In 2582 they rebelled. Multiple guerrilla groups, armed with (relatively) primitive weapons but determined to harass the invading Federation until it will leave their world alone, began attacking the Federal troops. The Federation responded with the Svoboda Police Action, a military campaign aimed at crushing the rebels. Not only did this intervention fail, but, together with the Cera Tellan Police Action, it grew into the multi-world Trailing Pacification Campaign as many other Federal colonies used the opportunity to rebel and try to win independence.

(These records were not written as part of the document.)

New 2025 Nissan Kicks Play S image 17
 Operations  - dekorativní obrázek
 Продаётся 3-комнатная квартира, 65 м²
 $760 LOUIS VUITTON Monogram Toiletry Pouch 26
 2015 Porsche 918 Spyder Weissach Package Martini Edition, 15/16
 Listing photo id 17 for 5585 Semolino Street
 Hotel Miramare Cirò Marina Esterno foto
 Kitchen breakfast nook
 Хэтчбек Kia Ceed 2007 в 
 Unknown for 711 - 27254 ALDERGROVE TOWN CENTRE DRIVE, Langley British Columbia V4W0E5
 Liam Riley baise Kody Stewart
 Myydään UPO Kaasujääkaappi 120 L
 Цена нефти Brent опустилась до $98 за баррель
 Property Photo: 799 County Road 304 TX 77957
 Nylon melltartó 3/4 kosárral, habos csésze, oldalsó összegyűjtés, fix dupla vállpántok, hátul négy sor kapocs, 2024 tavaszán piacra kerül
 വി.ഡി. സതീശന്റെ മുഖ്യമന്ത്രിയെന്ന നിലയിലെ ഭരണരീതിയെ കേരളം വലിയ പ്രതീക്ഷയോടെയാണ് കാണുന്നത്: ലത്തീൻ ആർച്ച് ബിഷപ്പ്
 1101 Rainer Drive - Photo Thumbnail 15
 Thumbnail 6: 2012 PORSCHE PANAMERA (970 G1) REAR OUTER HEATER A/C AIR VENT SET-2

More than two decades of constant war in the trailing part of the Federation finally convinced Prime Minister Feinstein to grant independence to various rebellious worlds on the Frontier, including Svoboda and Cera Tellan, in 2604. But the political and economical interests heavily invested in these worlds could not agree to that; so, in 2605, they staged a coup and installed Star Marshal Durnhal instead. Thus the Hegemony was born.
Ever since 2605, the Hegemony had tried to re-assert its control over Svoboda numerous times. But faced with a hostile population, not to mention engaged in a fully-blown interstellar revolution around Cera Tellan, it was unable to fully control Svoboda. In 2631, when the cease-fire agreements were signed between the various factions of the Civil War, Svoboda was among the worlds receiving independence.
Today Svoboda is the capitol of the Independent Worlds. While still balkanized, its various factions agree to keep warfare between them at a relatively limited level in order to prepare for a possible future attack by the Hegemony. Thus the Svoboda Council was born, an inter-faction mediating body mostly concerned with diplomatic relations with other worlds, as well as with preparing the planetary defenses. Laws are lax on Svoboda, with the most (relatively) peaceful area, Trotskygrad (where the largest starport is located), having a Law level of 2, and the rest of the world having a Law level of 1 or 0. Svoboda, with all its small and anarchic nations, also serves as a good flag-of-convenience for Independent Worlds free traders looking to avoid regulations or taxes.